What is needed: An exact copy is the goal: every line from the one containing "main property photo 16" to the end of the material below, pictures excluded.

Extracted material:

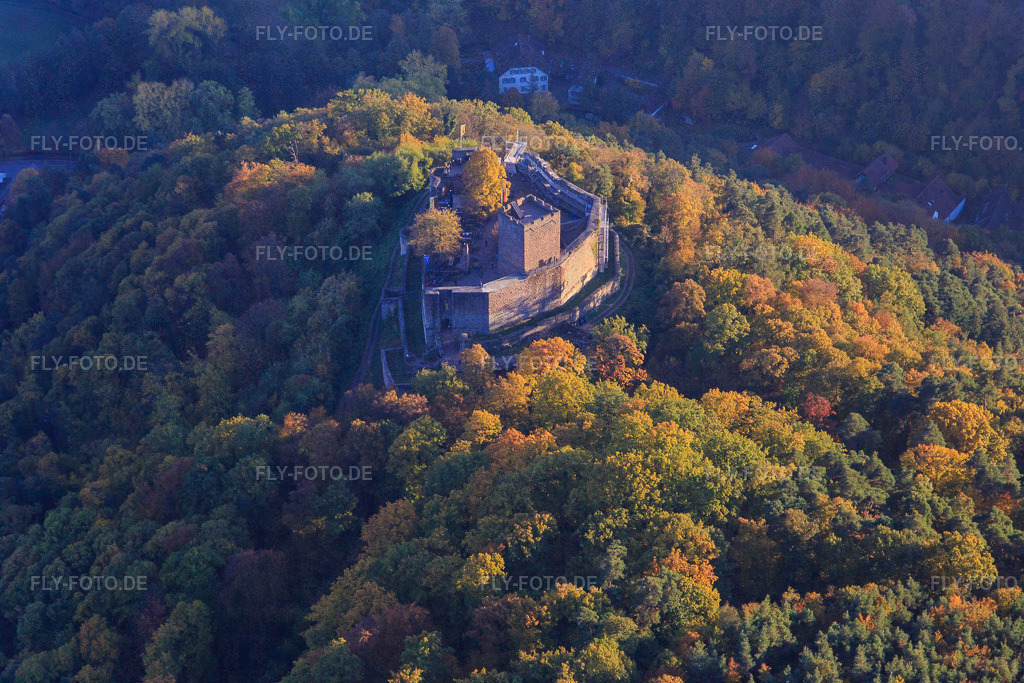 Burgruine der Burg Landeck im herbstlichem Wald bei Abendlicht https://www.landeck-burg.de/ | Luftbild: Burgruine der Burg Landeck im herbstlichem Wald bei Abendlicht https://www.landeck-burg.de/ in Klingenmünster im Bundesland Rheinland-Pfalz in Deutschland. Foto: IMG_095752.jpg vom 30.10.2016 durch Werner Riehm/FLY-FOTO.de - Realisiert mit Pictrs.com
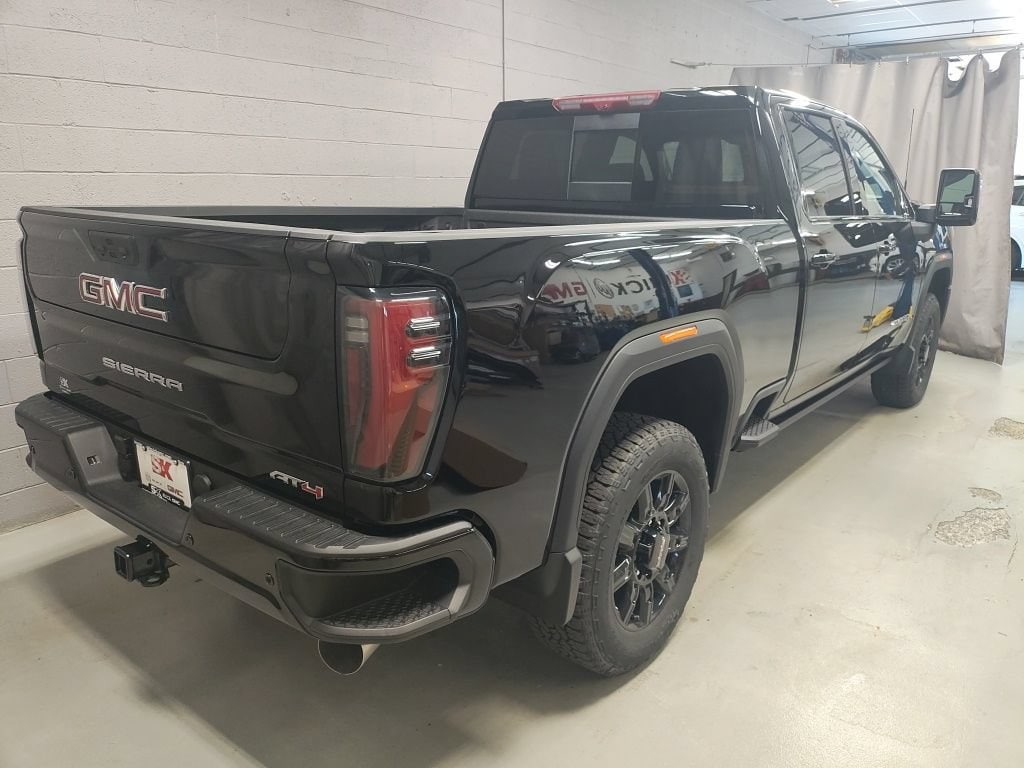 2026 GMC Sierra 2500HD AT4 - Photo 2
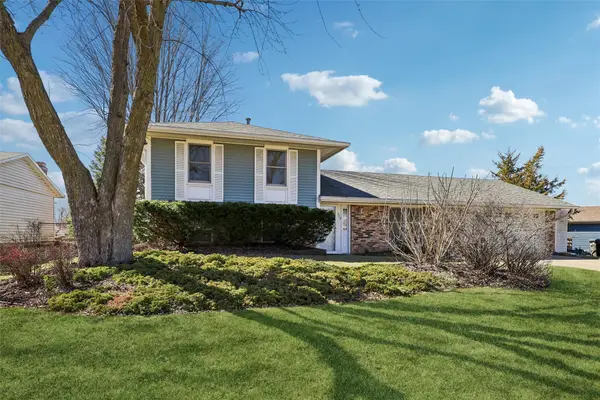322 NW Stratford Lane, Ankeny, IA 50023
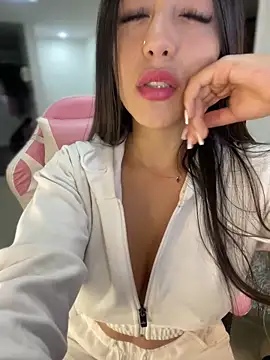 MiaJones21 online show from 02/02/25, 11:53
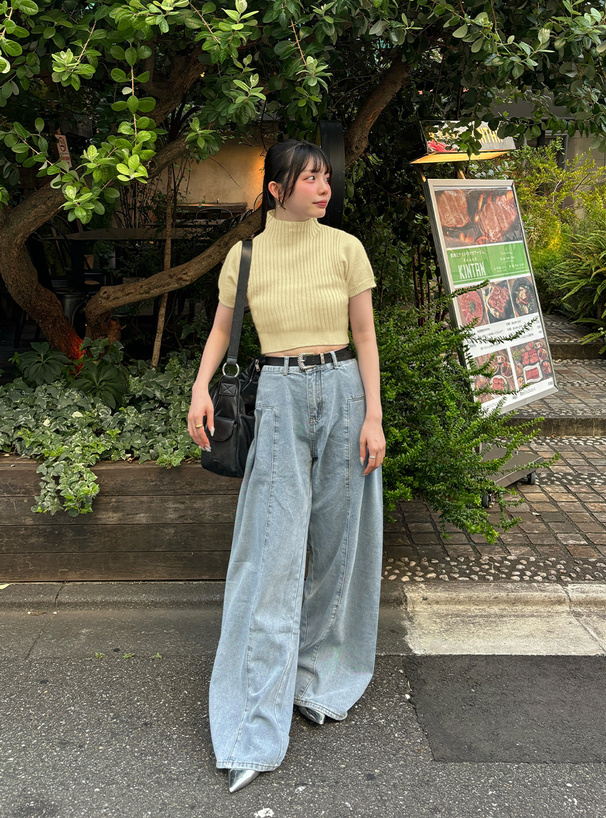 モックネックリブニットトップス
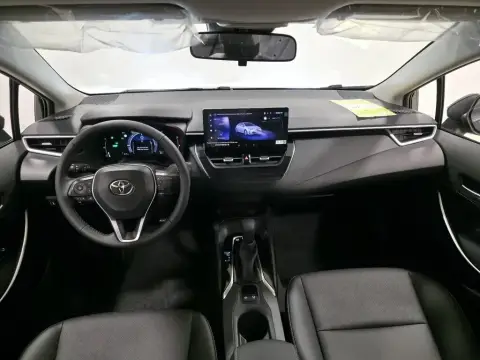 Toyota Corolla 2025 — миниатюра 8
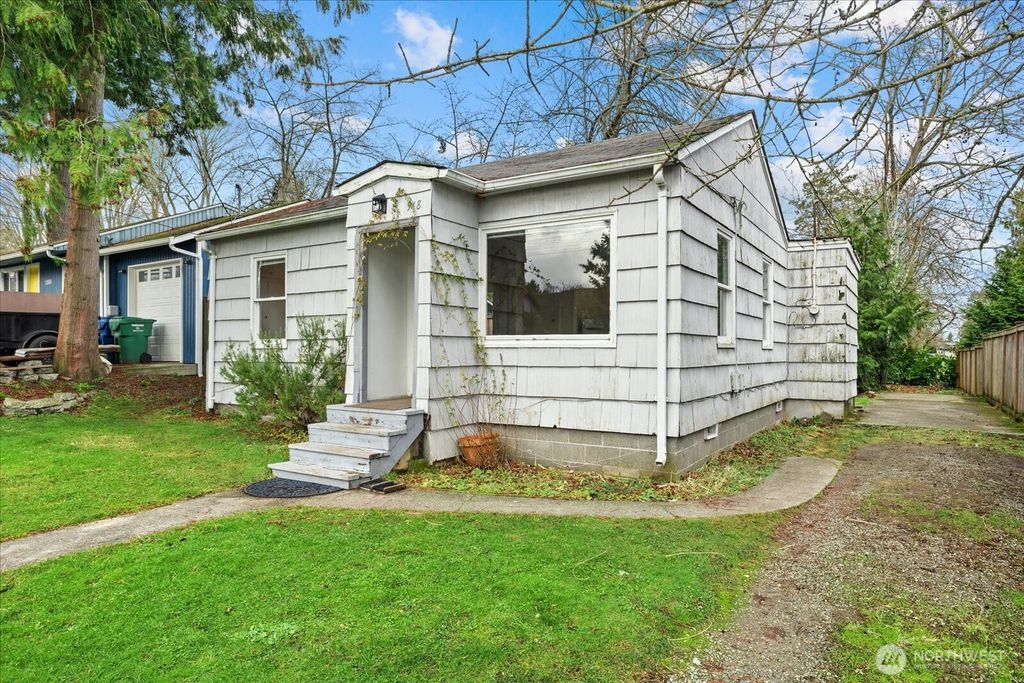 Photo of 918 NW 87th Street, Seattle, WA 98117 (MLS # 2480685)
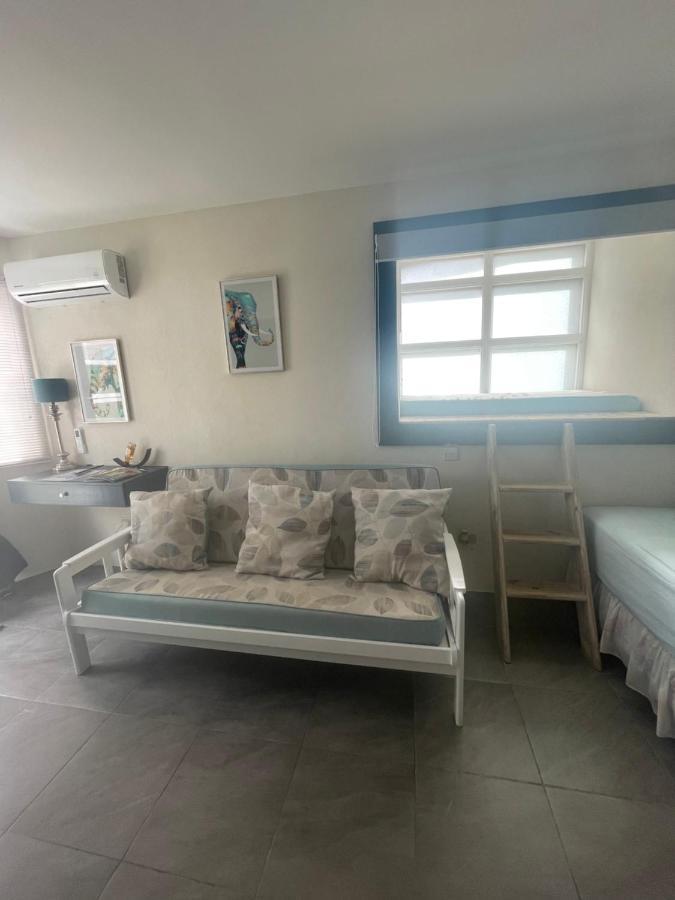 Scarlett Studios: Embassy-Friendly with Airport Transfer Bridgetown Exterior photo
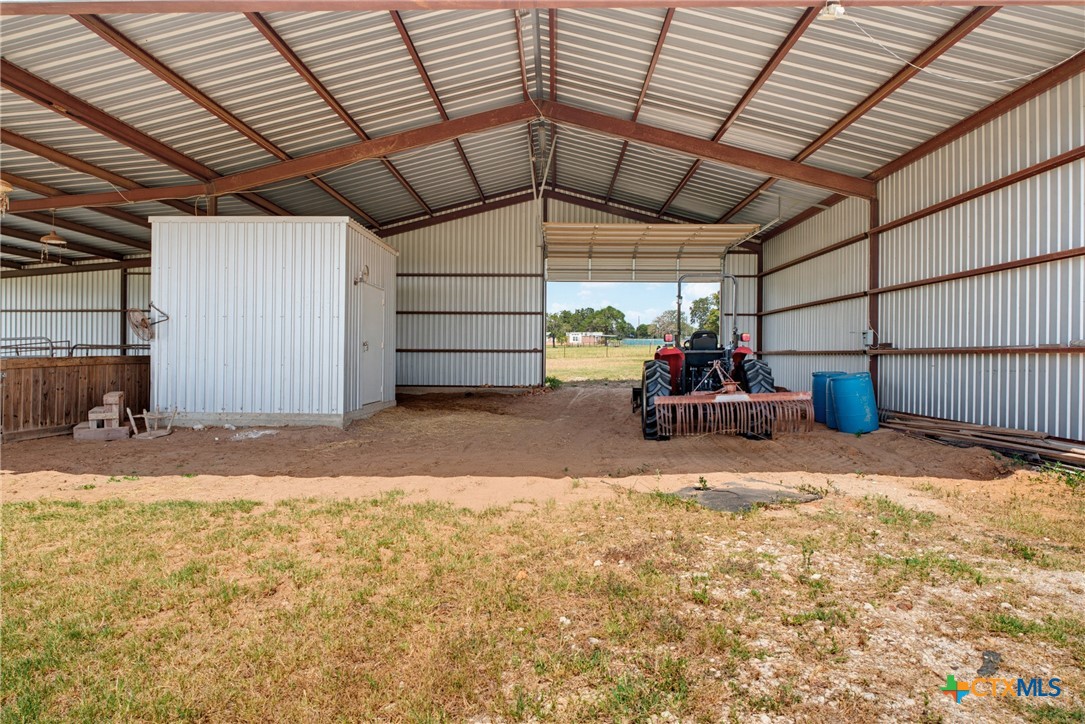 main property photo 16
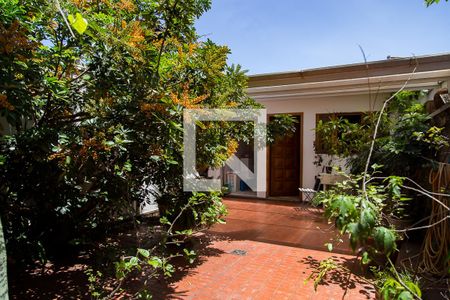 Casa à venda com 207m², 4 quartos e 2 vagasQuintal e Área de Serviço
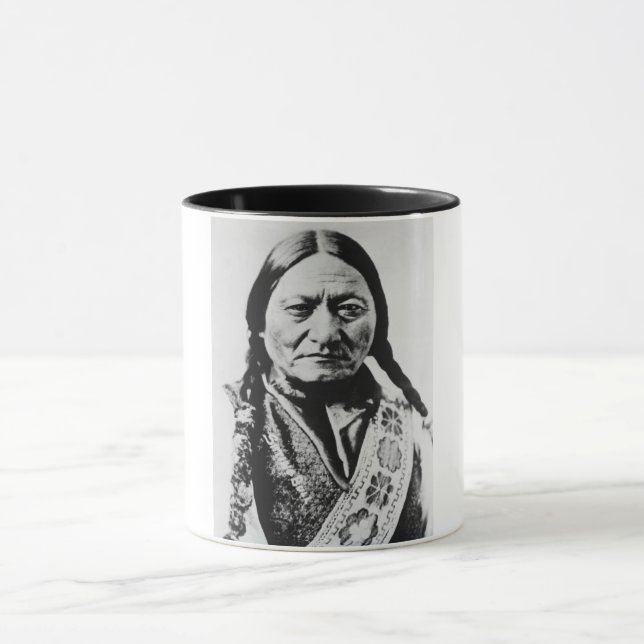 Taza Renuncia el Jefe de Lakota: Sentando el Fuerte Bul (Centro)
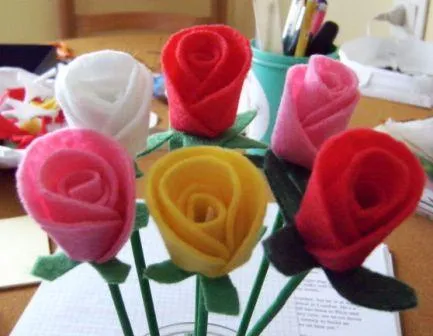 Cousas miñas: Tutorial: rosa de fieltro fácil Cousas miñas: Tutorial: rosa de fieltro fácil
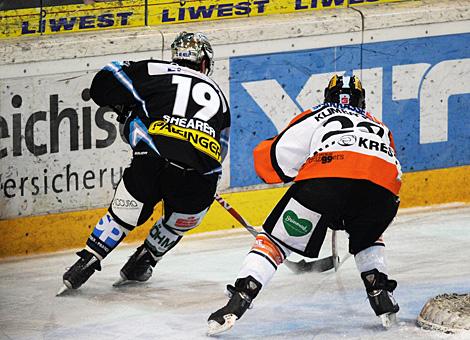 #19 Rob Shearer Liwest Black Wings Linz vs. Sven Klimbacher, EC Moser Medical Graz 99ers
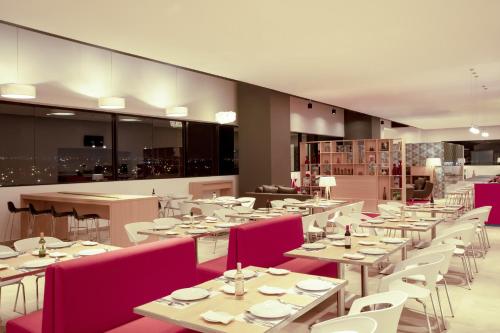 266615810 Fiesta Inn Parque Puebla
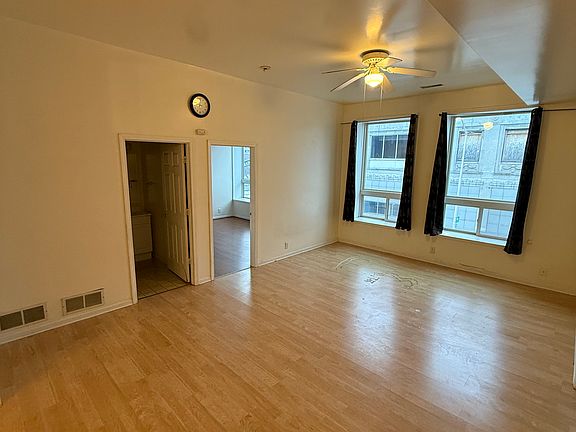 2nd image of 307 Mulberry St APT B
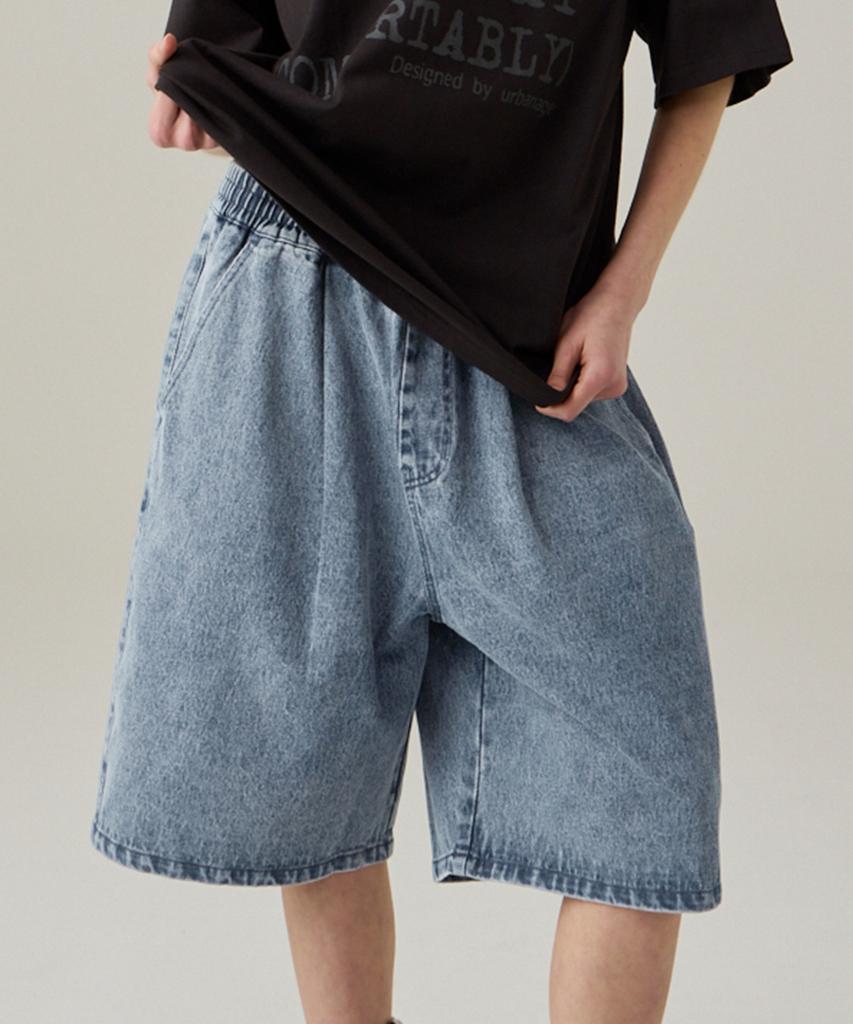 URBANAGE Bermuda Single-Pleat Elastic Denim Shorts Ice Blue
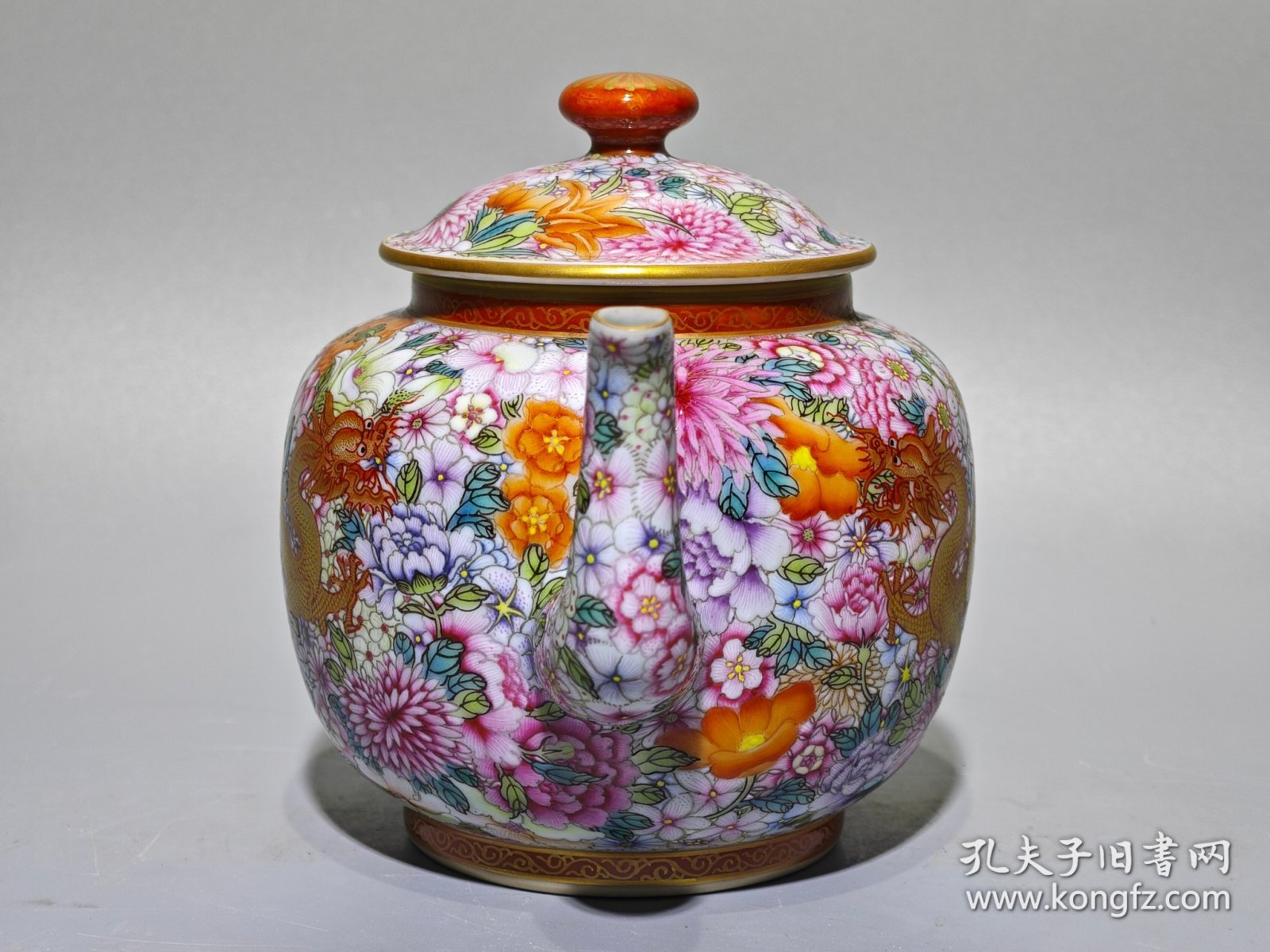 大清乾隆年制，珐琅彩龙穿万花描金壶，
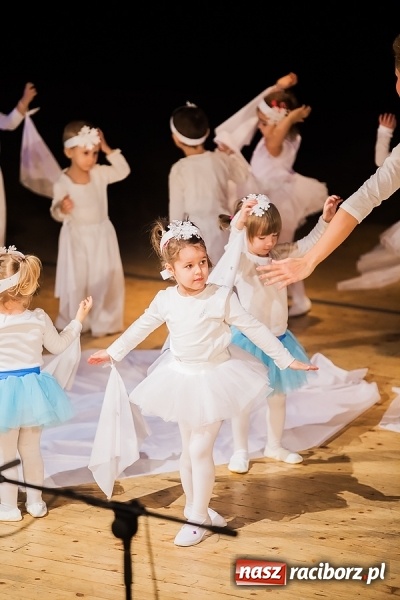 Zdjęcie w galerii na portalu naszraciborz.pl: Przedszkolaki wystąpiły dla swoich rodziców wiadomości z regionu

Response area:
 main property photo 16
 Casa à venda com 207m², 4 quartos e 2 vagasQuintal e Área de Serviço
 Taza Renuncia el Jefe de Lakota: Sentando el Fuerte Bul (Centro)
 Cousas miñas: Tutorial: rosa de fieltro fácil Cousas miñas: Tutorial: rosa de fieltro fácil
 #19 Rob Shearer Liwest Black Wings Linz vs. Sven Klimbacher, EC Moser Medical Graz 99ers
 266615810 Fiesta Inn Parque Puebla
 2nd image of 307 Mulberry St APT B
 URBANAGE Bermuda Single-Pleat Elastic Denim Shorts Ice Blue
 大清乾隆年制，珐琅彩龙穿万花描金壶，
 Zdjęcie w galerii na portalu naszraciborz.pl: Przedszkolaki wystąpiły dla swoich rodziców wiadomości z regionu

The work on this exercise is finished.